David Shukman, BBC News 27 Jan 09;
Dumped in landfill, or stockpiled unwanted: the fate of our recycling has triggered a wave of negative reports and doubts among the public.
The nagging question: is the effort of sorting our rubbish worth it?
In an effort to attempt to find an answer, I have travelled over the past few weeks to the less savoury corners of a world that most of us never see.
My journey took me from an ice-cold warehouse brimming with bundles of paper and plastic to conveyor belts laden with waste in Essex, to the stench of a vast shredding machine in Leicester.
My impression is of a young industry, occasionally faltering, often unpopular, but emerging as a normal - and generally useful - part of our lives.
Conversations in a suburb of Durham, on a drizzly collection day, revealed mixed feelings among householders: supportive of the principle of recycling but irritated, even angry, at the idea that their efforts may not be doing any good.
The worst suspicion? That a lot of carefully sorted recycling ends up in landfill.
Some does get dumped, no question, but I'm told it's only a small percentage and usually because it's contaminated, which means that it has not been cleaned properly or it's the wrong stuff.

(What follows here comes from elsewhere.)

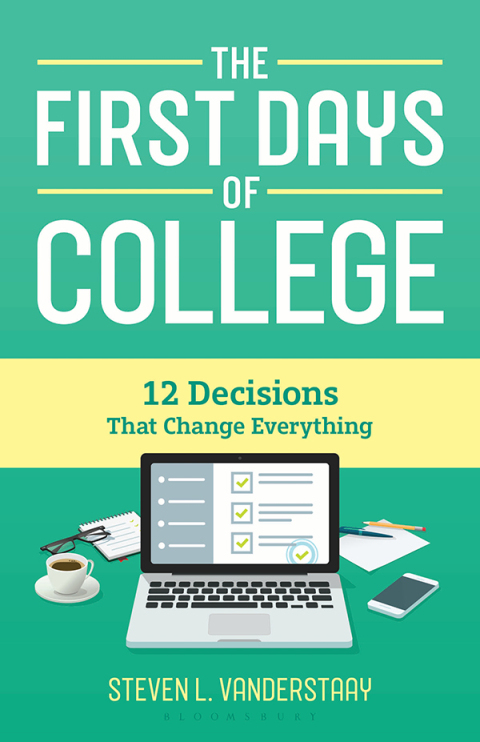 Cover image for book The First Days of College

And some is stockpiled. Indeed, just up the road in an old television factory on the edge of Durham was a small mountain of papers, plastic and tin; huge bales of recycling towering towards the ceiling. Some newspapers were dated from last October or even September.
Late last year, local recycling contractor Greencycle had found that the usual market for its material, China, was suddenly closed, and prices were tumbling.
Week after week, as at dozens of other sites around the country, the firm was gathering more recycling but could not shift it, so stockpiling was the only option.
Only now is the stuff being moved.
So does this mean the system is failing? Well, talking to the Department for Environment, Food and Rural Affairs (Defra), the Environment Agency, government recycling agency Wrap, and several of the largest waste companies, it's clear the market slump has been a bad blow but the process as a whole is still functioning.
The long run
At the Shanks recycling centre in Barking, Essex, an intricate network of conveyor belts streamed out paper, plastic and metal.
Director Paul Dumpleton admitted that prices for material were poor but insisted that they were "in this for the long-term".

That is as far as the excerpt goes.